I would like to briefly respond to this excellent Second Reading debate. I thank all colleagues for coming in, and we have heard powerful contributions from all parts of the House. As the Minister said, it is particularly good not only that we have heard from the accomplished Women and Equalities Committee Chair, my right hon. Friend the Member for Romsey and Southampton North (Caroline Nokes), but that a galaxy of former holders of office are represented here. I welcome the Minister stepping into her new responsibilities, and she clearly has plenty of good advisers.
I will not comment on every speech, as some Members want to get on to the business to follow, nor will I add to the long list of organisations outside this place that
have been mentioned, but I do want to emphasise one that was mentioned, the Soroptimists. They are very active and important members of the Tunbridge Wells community, and they are represented in the Public Gallery, today so I emphasise my welcome to them.
It is clear from the speeches made today that there is universal recognition that public sexual harassment is an all too frequent experience that women and girls, especially, endure every day in all parts of the country. The most powerful change we can and must make is cultural—it must become as obviously unacceptable to abuse a woman on the streets of our country on the basis of her sex as it is to abuse someone on the basis of their race or sexuality—but the law can play an important role in accelerating that cultural change. As we heard, the lack of any specific crime of public sexual harassment can contribute to uncertainty on the part of victims as to whether it is worth reporting it to the police, as well as to uncertainty, I dare say, in the minds of perpetrators who might commit these crimes that this is a crime. They should be well aware of that.

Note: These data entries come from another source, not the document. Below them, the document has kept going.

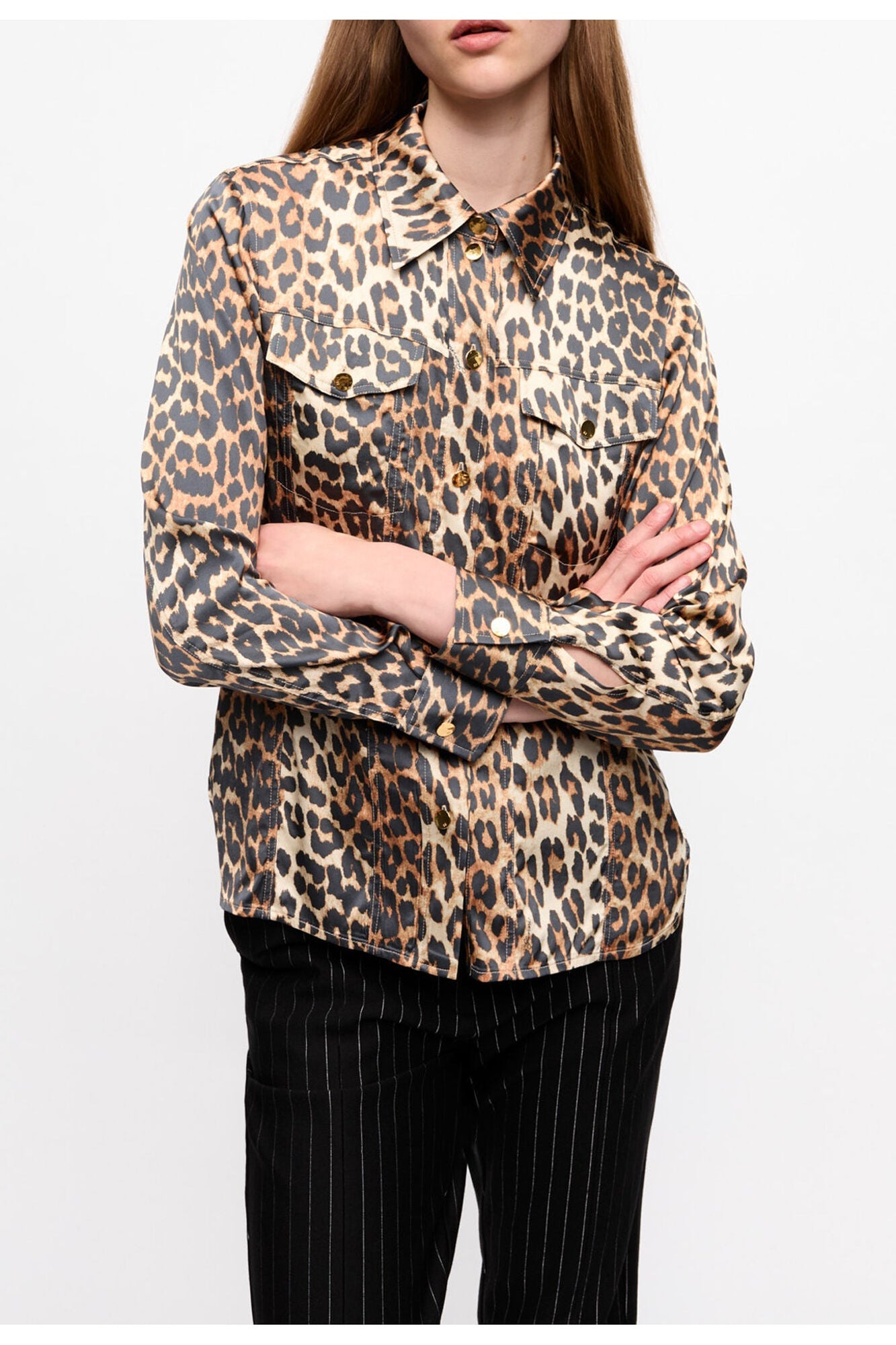 Print Satin Shirt | Leopard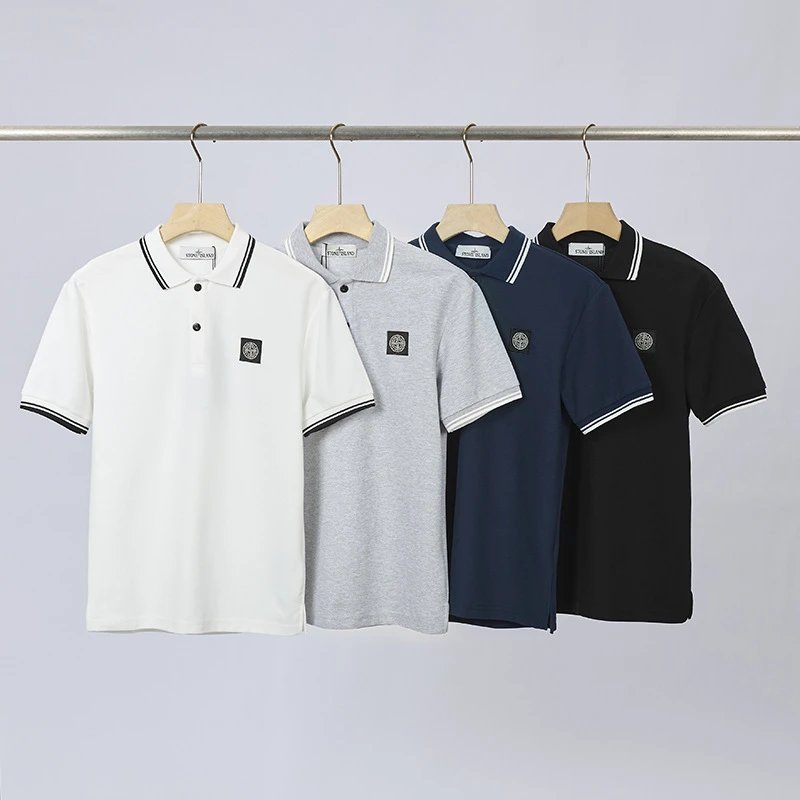Stone Island Logo Patch White Grey Navy Black Classic Polo Shirt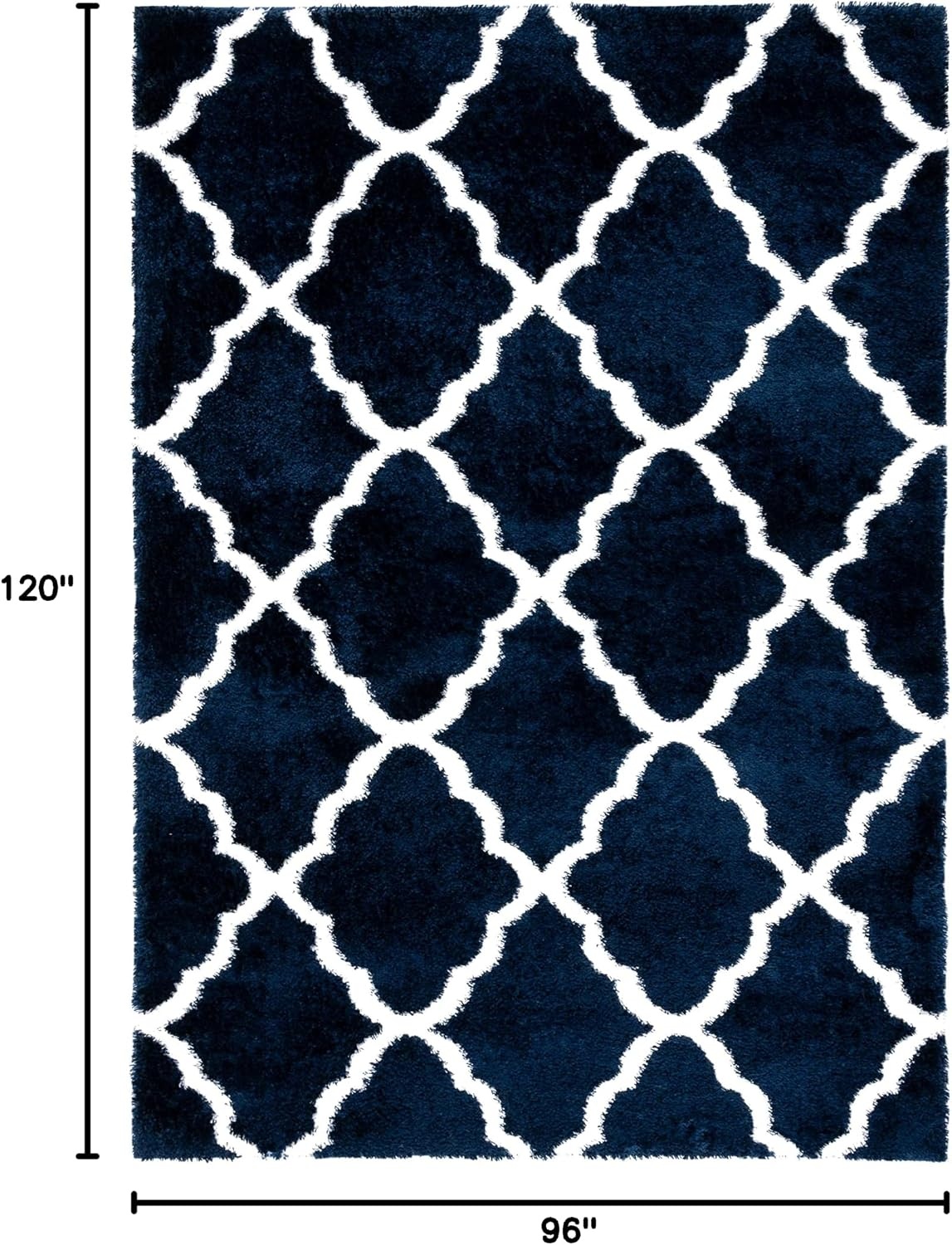 image:imageSAFAVIEH Tahoe Shag Collection Area Rug 9 x 12 Black amp White Trellis Design NonShedding amp Easy Care 12inch Thick Ideal for High Traffic Areas in Living Room Bedroom THO675ZNavyWhite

The Bill will make a significant step in establishing that deliberately intimidating and abusing women is a crime.
Good suggestions have been made about how the Bill might be improved and I hope that the Bill Committee will provide that opportunity. That said, I am conscious that, for a private Member’s Bill that does not have the luxury of Government time attached to it, what might be the Bill’s ideal scope and coverage has to be proportional to the opportunity that we have, which is to change the law to make public sexual harassment an offence for the first time in our history, and to do so before the summer. Future Bills, whether they are Government or private Members’ Bills, could make further reforms, and I hope that Members will have that in mind in Committee.
I want to end by thanking the Home Secretary and the Minister for their support and for the hard work of their excellent officials in advising me on the Bill’s contents. I am grateful to the Government Whips Office and its officials. In particular, my hon. Friend the Comptroller of His Majesty’s Household is very effective, and she is assisted very ably today by my equally honourable Friend, the Vice-Chamberlain of His Majesty’s Household. I also thank the superb Clerk of Private Members’ Bills in the House Service, Anne-Marie Griffiths, and the print team for its patience and responsiveness when the deadlines for printing the papers for the Bill sometimes went close to the wire. In the hope that we might make the first big step towards safety and confidence for women and girls right across the country, I commend the Bill to the House.
Question put and agreed to.
Bill accordingly read a Second time; to stand committed to a Public Bill Committee (Standing Order No. 63).